Welcome back to our case study series! To see the previous installments, please check out the first three parts:
- Ask Big Ern: A Safe Withdrawal Rate Case Study for “John Smith”
- Ask Big Ern: A Safe Withdrawal Rate Case Study for “Captain Ron”
- Ask Big Ern: A Safe Withdrawal Rate Case Study for “Rene”
Though, before we get started, I got a favor to ask: The nomination phase for the 2018 Plutus Awards is underway until September 8. Please take the time to nominate your favorite bloggers and podcasters to give them the recognition they deserve:
You don’t have to fill out the entire form and you can nominate each blog/podcast in multiple categories.

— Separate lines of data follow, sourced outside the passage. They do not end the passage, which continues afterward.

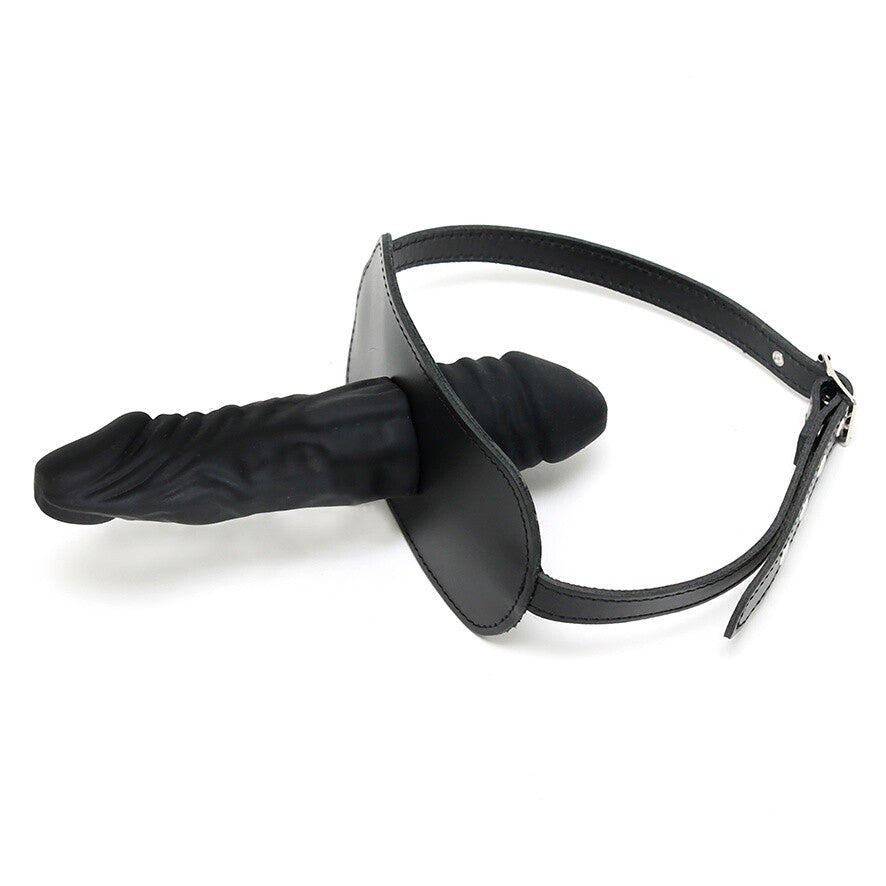 Leather Penis Gag and Dildo – Leather Gag and Dildo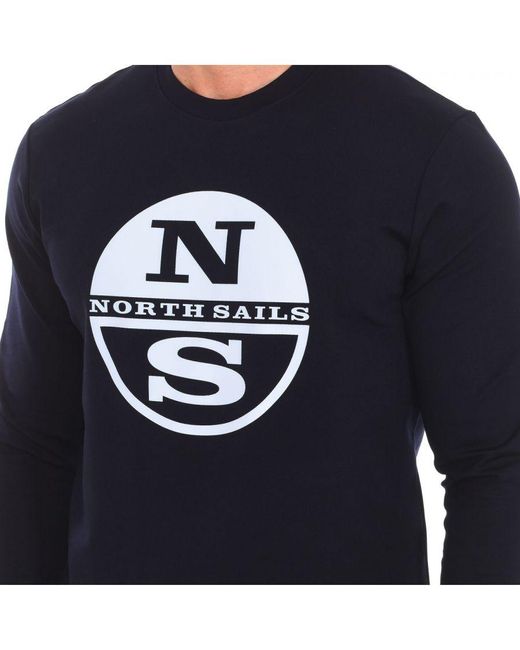 North Sails Sweater Met Lange Mouwen En Ronde Hals 9024130 in het Blue voor heren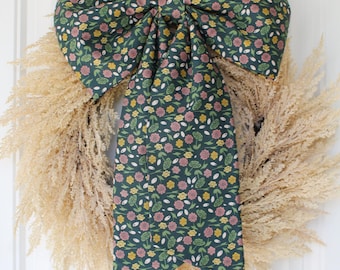 Large Fall Wreath Bow Forest Bloom Oversized Home Decor Fabric Bow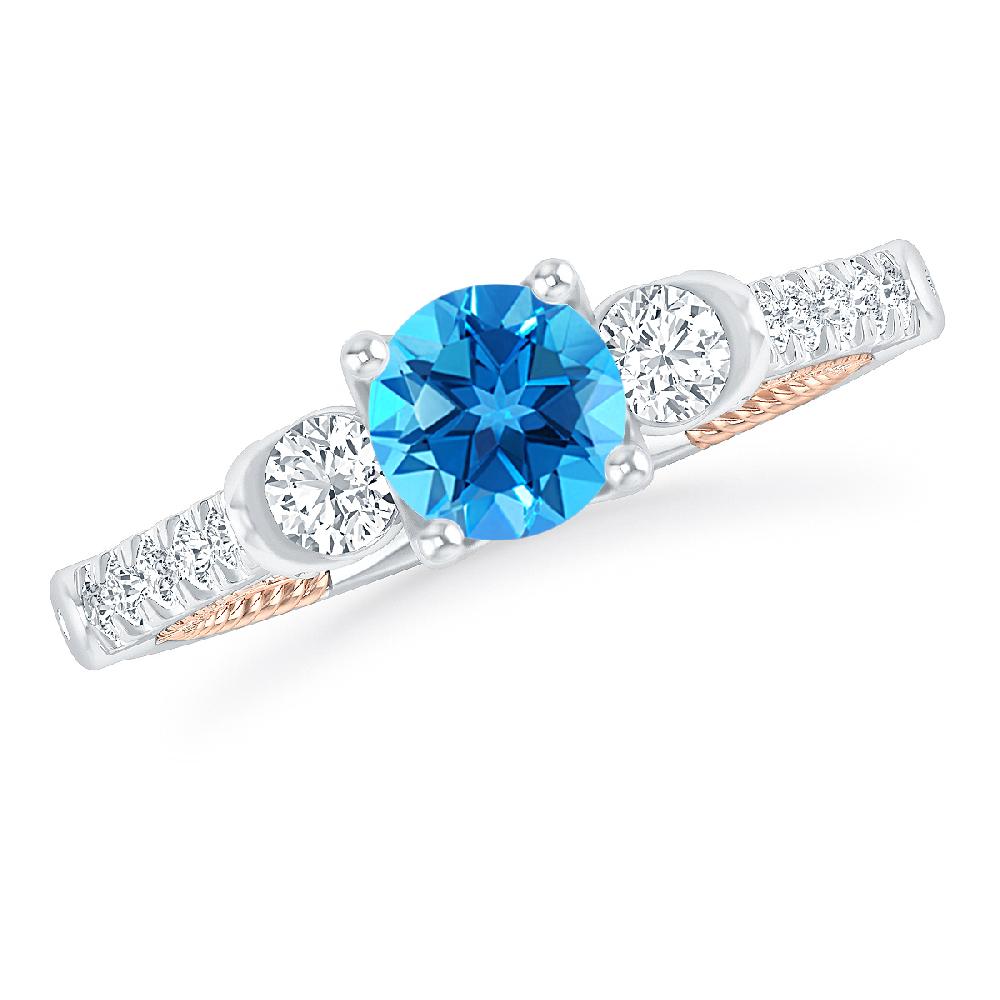 White Gold - Blue Topaz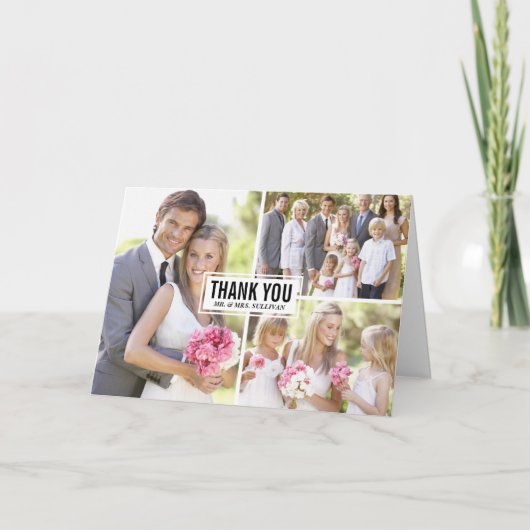 Trois photo Collage Carte de remerciements Mariage (Devant)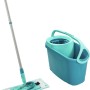 Leifheit Clean Twist M Ergo Bodenwischer-Set mit Eimer und Schleuder in Türkis und Grau.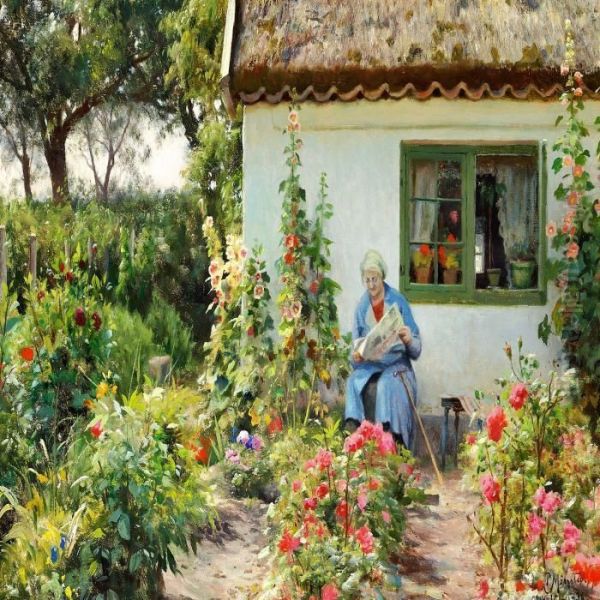 Reading The Newspaper Oil Painting by Peder Mork Monsted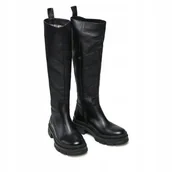 Kozaki damskie - Czarne kozaki workery Nessi 21105 skóra modne damskie płaski obcas r.38 - miniaturka - grafika 1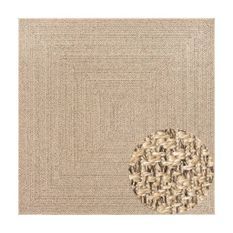 Tapis ZIZUR 240x240 cm aspect de jute intérieur et extérieur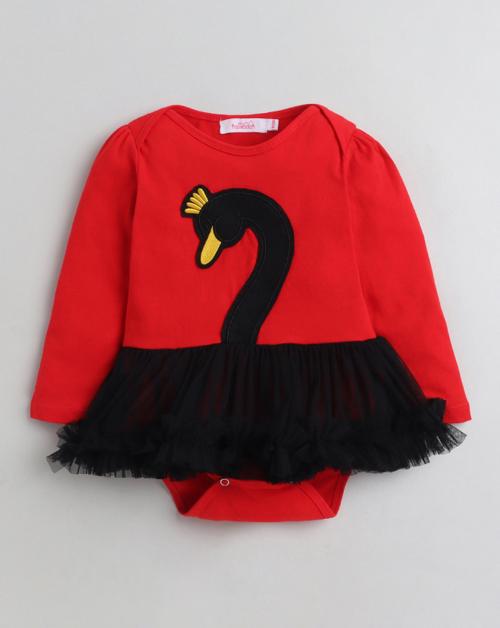 Hopscotch Baby Girls Cotton Full-Sleeve Graphic Print Party Dress In Red Colour For Ages 0-3 Months (BYN-2903638)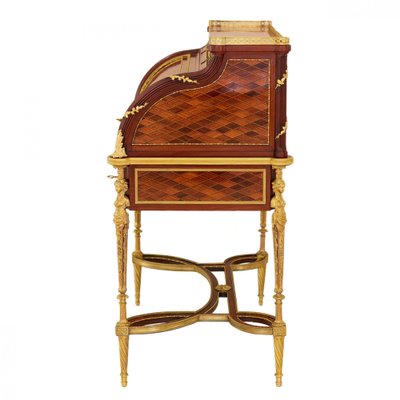 Cylindrical Bureau in Mahogany and Satin Wood with Gilt Bronze from E.Kahn-WMV-1781033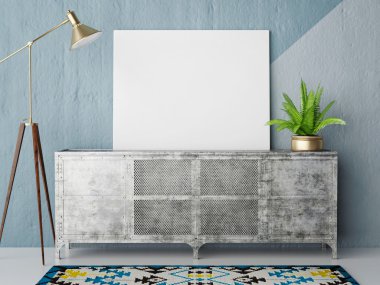 Alay posteron retro Çekmeceli, yenilikçi iç arka plan, 3d render.
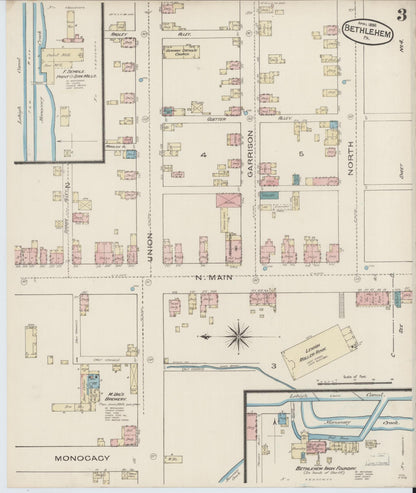 Sanborn Fire Insurance Map from Bethlehem, Northampton And Lehigh Counties, Pennsylvania (1885), Sheet #0003 - Complete Map Set gallery image, historic Sanborn map, vintage wall art, Pennsylvania Pennsylvania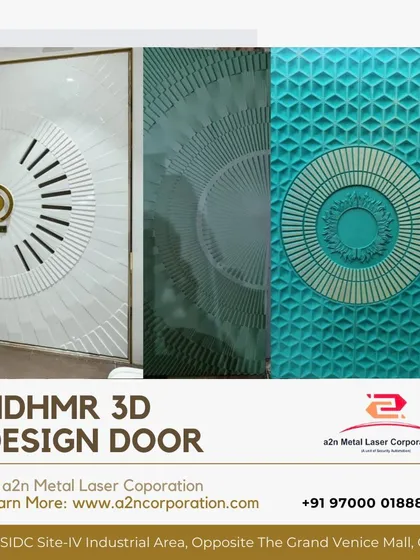 This collage displays the versatility of our HDHMR 3D design doors. We can achieve a variety of aesthetics, from the minimalist radial design on the left to the intricate geometric patterns on the right, all crafted for durability and a modern finish.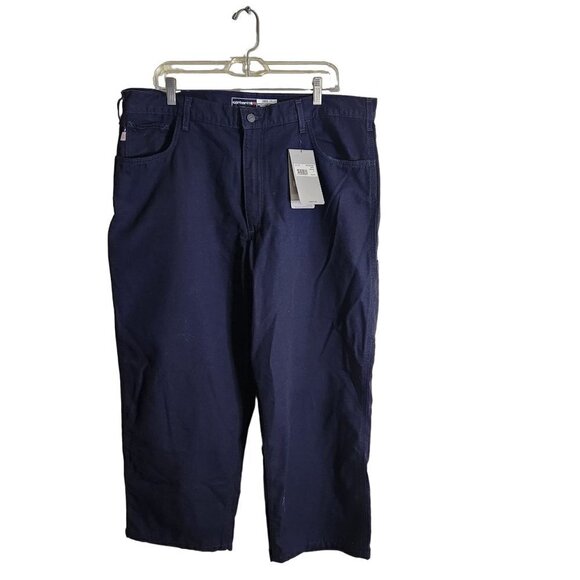 Carhartt NWT Flame Resistant Loose Fit Canvas Workwear Navy Pants Size 40x30 - Picture 2 of 16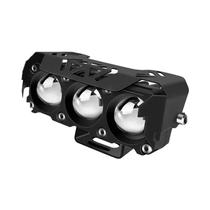 Farol De LED Dupla Cor Para Motocicleta, Luz Alta/Baixa, Lâmpadas De Neblina 12V 24V, Mini Farol De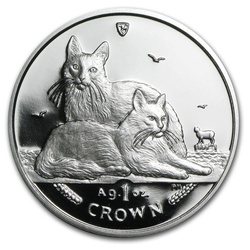 Isle of man Seria koty: Angora turecka 1 Uncja Srebra 2011 Proof
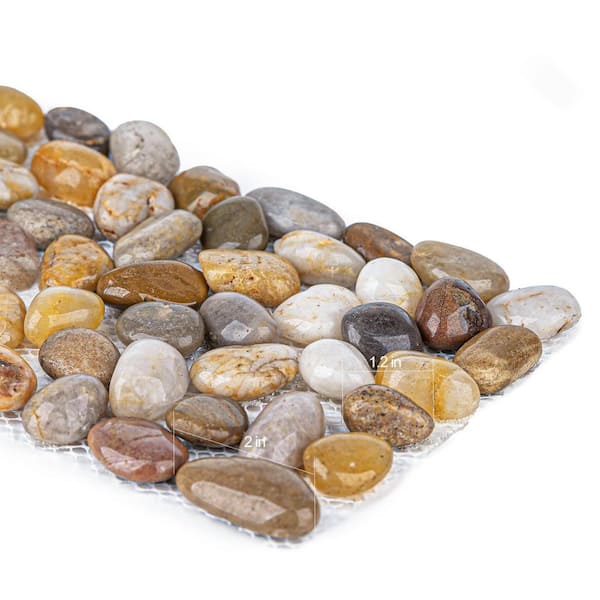16.18 in. x 5.79 in. x3. 46 in. Rectangle Polished Pebble Decorative Pathway River Rock Set Stepping Stone 6-Pieces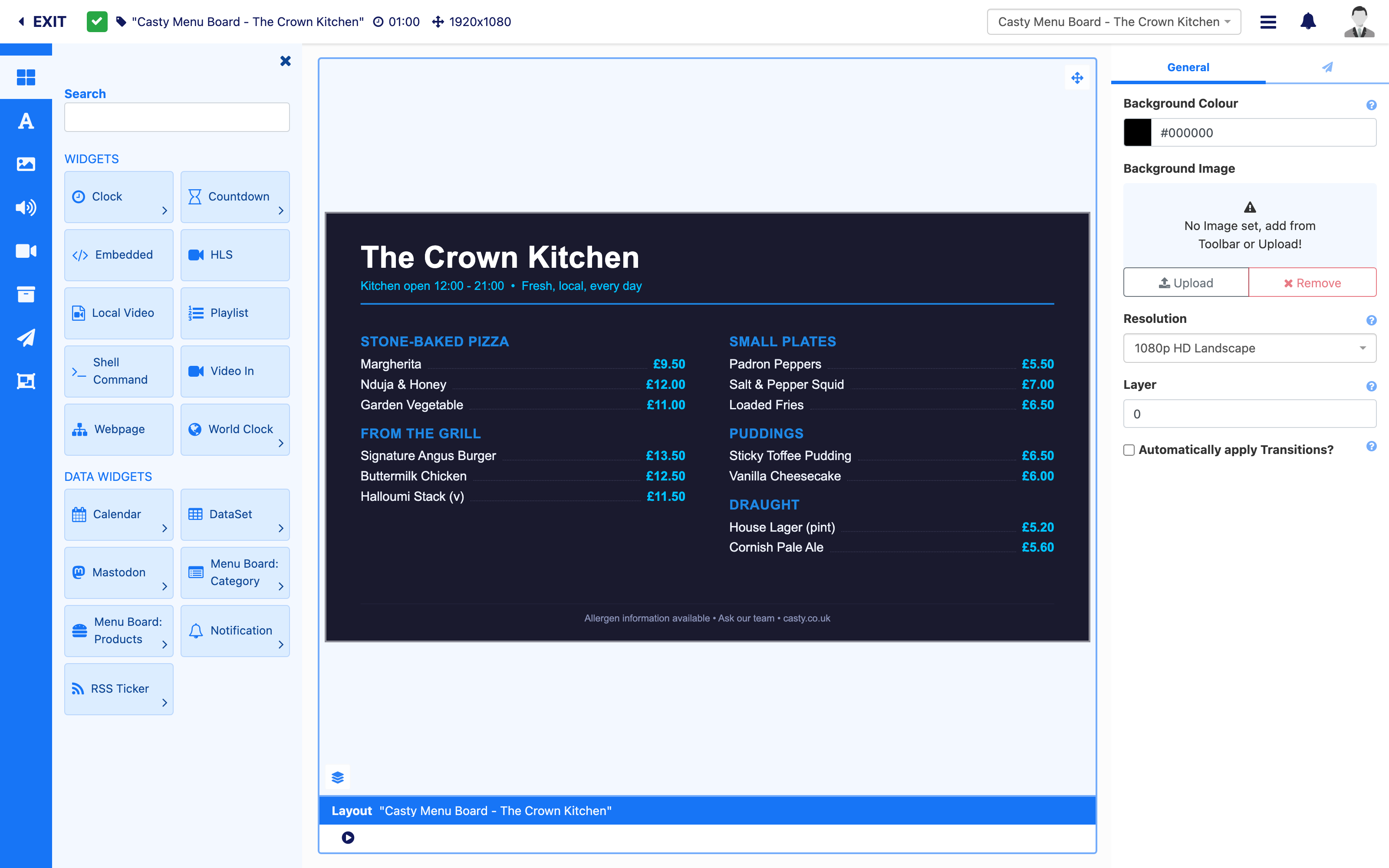 Casty widget library of content types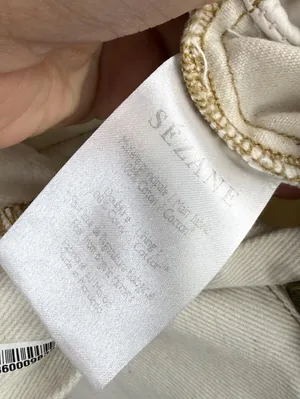 Sezane Francky Ecru Cream Peated Front Wide Band Trousers - Size - 29 thumbnail 5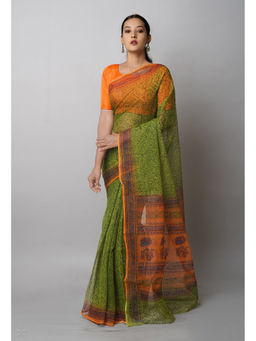 Unnati Silks - Green Pure Block Printed Kota Saree with Unstitched Blouse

And if you like that one blog that does a lot of research on Safe Withdrawal Rates and publishes case studies for fellow FIRE enthusiasts and other fun personal finance content (wink, wink) please consider nominating it in one (or all?) of the following categories:
- Best New Personal Finance Blog (Yes, that blog was started in 2016!)
- Best Financial Independence/Early Retirement Blog
- Best Investing Blog
- Best Retirement Blog
But now back to our case study. Mrs. Greece, not her real name, not even her country of origin, contacted me a while back and wanted me to take a look at her financial situation. Here’s Mrs. Greece’s background…
We are both immigrants but from different countries. We’ve resided in the USA for 17+ years. I’m 42 and he’ll be 49 soon. We have two children (rising 6th and 3rd graders). We live in a city in one of the Southeast states (it has 5-6% income tax).
My husband is definitely a breadwinner for our family as he makes $144k (plus 15% bonus of the base salary for the last few years, but it all depends on his employer’s overall financial situation as he’s not in sales. If the company didn’t make good numbers, he would get a much lower bonus if at all). I earn a little over $60k.
Re our financial assets, they were worth $2.2M on 6/30/17. I guess, I should be jumping happily, but I don’t as it’s all on paper like some kind of mirage. The breakdown of the above number is as follows:
- Our 401k’s – $1.12M (His $760K and mine is $360K);
- Our Roth IRA’s – $230K;
- Taxable accounts – $860K ($450k in 50 individual dividend blue-chip stocks, $200k in 3 mutual funds, $100K in I-Bonds, and the rest in CD’s).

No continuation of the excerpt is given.